While Fiat has become competitive thanks to Marchionne’s maneuvering — crowned by the 2014 combination with Chrysler — it still lags global giants Volkswagen AG and Toyota Motor Corp Size matters in the mass-market auto industry amid pressure to make massive investment in autonomous driving and electric vehicles, and a deal could be in the interest of the Agnelli family, the Italian industrial clan that controls Fiat and has been diversifying away from the volatile car industry.

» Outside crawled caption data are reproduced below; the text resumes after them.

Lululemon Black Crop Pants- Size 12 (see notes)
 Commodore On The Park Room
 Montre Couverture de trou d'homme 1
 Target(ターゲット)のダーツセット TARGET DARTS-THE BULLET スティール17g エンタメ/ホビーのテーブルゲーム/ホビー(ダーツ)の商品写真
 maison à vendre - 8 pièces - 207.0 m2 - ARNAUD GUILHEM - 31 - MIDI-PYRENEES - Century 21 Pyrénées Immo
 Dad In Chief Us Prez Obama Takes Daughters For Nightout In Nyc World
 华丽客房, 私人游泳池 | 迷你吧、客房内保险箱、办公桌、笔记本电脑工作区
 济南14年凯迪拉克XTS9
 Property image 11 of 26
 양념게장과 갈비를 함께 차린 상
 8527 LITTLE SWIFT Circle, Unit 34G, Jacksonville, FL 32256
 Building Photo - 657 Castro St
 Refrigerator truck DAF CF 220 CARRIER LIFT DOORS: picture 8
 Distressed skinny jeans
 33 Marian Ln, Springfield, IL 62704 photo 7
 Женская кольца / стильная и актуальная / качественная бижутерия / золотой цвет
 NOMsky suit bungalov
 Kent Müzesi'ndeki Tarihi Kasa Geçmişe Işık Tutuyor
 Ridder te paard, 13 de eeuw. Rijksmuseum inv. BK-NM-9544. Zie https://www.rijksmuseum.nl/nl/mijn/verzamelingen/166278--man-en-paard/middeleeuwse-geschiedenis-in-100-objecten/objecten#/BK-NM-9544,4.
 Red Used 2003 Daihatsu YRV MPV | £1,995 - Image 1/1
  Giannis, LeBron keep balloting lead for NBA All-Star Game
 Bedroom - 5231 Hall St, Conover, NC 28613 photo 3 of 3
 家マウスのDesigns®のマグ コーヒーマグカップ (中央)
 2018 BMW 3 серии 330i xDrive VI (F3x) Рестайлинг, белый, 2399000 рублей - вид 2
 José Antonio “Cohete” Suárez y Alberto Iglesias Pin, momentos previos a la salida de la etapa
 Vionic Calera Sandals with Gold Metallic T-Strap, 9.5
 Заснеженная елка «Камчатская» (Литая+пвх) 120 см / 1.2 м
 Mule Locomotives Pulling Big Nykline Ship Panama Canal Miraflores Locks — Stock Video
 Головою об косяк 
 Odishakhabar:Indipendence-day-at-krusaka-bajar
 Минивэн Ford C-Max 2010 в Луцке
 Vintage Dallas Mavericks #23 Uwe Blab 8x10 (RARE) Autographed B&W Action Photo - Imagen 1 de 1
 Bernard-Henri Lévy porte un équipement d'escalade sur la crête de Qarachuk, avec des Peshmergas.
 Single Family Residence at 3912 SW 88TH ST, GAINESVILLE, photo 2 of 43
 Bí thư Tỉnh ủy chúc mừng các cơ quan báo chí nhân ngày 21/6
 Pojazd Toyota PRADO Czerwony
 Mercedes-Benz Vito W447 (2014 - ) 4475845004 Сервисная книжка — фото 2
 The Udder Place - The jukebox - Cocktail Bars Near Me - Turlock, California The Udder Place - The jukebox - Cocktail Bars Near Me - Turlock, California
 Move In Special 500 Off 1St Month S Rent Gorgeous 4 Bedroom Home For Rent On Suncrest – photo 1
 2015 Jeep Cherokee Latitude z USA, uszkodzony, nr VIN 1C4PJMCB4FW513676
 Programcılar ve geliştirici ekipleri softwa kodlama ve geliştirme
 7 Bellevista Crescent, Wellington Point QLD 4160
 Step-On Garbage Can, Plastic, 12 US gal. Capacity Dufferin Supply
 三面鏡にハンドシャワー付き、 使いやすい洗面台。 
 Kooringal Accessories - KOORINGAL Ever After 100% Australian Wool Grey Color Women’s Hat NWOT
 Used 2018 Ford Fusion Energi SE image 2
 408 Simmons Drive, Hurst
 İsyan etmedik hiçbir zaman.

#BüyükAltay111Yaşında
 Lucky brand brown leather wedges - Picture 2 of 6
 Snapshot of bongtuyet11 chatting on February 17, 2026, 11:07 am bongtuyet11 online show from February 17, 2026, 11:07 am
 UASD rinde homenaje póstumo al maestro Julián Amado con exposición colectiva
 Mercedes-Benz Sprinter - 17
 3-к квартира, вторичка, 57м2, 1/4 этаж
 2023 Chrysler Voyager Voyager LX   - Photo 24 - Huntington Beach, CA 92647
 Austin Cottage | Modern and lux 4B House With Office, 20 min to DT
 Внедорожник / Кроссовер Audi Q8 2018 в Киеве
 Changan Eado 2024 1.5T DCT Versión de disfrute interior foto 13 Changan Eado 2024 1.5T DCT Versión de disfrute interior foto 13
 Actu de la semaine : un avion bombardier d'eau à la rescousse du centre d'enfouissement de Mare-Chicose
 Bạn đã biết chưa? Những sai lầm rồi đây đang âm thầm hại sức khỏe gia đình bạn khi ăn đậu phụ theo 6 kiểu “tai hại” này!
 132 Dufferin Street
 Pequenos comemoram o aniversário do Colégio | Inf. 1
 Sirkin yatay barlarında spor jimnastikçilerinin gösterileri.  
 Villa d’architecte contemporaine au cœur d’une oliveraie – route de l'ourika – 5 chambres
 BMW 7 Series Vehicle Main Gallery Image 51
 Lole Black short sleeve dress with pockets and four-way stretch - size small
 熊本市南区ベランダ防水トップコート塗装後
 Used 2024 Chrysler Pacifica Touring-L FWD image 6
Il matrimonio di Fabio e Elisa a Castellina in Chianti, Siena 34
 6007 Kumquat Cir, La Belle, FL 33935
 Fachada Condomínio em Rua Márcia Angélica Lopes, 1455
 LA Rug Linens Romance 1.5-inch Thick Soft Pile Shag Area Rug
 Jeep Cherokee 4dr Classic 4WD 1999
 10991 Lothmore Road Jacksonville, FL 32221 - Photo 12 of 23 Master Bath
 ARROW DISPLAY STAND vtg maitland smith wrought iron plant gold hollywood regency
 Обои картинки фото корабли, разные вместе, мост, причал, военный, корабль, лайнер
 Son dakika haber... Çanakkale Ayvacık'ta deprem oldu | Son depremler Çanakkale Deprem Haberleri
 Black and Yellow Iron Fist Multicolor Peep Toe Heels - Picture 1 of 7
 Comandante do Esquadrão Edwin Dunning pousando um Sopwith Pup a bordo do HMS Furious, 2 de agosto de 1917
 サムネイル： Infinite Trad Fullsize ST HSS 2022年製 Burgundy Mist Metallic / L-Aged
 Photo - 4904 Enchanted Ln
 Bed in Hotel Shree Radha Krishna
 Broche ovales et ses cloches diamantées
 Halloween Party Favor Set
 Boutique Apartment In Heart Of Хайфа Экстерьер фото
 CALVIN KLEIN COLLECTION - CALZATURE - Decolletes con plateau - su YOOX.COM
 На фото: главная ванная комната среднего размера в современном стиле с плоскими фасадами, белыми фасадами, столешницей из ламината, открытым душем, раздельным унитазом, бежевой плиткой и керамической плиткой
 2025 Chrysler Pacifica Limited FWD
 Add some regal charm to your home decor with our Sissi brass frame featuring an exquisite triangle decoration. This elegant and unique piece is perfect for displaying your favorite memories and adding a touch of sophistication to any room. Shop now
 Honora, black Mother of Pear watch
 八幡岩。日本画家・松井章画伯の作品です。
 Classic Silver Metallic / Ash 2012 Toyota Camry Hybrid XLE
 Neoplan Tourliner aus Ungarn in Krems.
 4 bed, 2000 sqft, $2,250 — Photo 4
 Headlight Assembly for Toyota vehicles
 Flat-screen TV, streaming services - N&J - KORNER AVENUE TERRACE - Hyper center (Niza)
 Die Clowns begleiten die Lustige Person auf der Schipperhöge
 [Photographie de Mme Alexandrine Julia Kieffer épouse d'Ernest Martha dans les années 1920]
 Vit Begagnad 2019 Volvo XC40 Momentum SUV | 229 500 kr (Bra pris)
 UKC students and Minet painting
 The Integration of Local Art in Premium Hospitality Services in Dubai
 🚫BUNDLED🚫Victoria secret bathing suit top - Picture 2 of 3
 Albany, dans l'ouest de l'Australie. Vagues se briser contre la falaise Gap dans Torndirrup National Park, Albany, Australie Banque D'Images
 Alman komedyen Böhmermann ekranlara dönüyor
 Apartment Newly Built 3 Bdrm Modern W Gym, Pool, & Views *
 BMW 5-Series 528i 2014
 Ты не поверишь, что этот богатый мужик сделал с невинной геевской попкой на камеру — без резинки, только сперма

For his part, Marchionne — a vocal proponent of consolidation — is looking to make the company an attractive partner, even if he said in a January interview that FCA is now strong enough to survive on its own. His last big goal is to eliminate €2.39bn ($2.96bn) in net industrial debt by June, when he plans to unveil the carmaker’s strategy to 2022.
To celebrate the debt milestone, Marchionne has said he would wear a tie instead of his trademark sweater at the June investors meeting, which will take place at the company’s Balocco test track near Turin, the same place where he presented his survival plan for Fiat in 2004.
Here’s a look at the top three deal scenarios for the owner of the Jeep, Alfa Romeo and Dodge brands, based on discussions with Fiat analysts and investors. The company declined to comment on its future strategy.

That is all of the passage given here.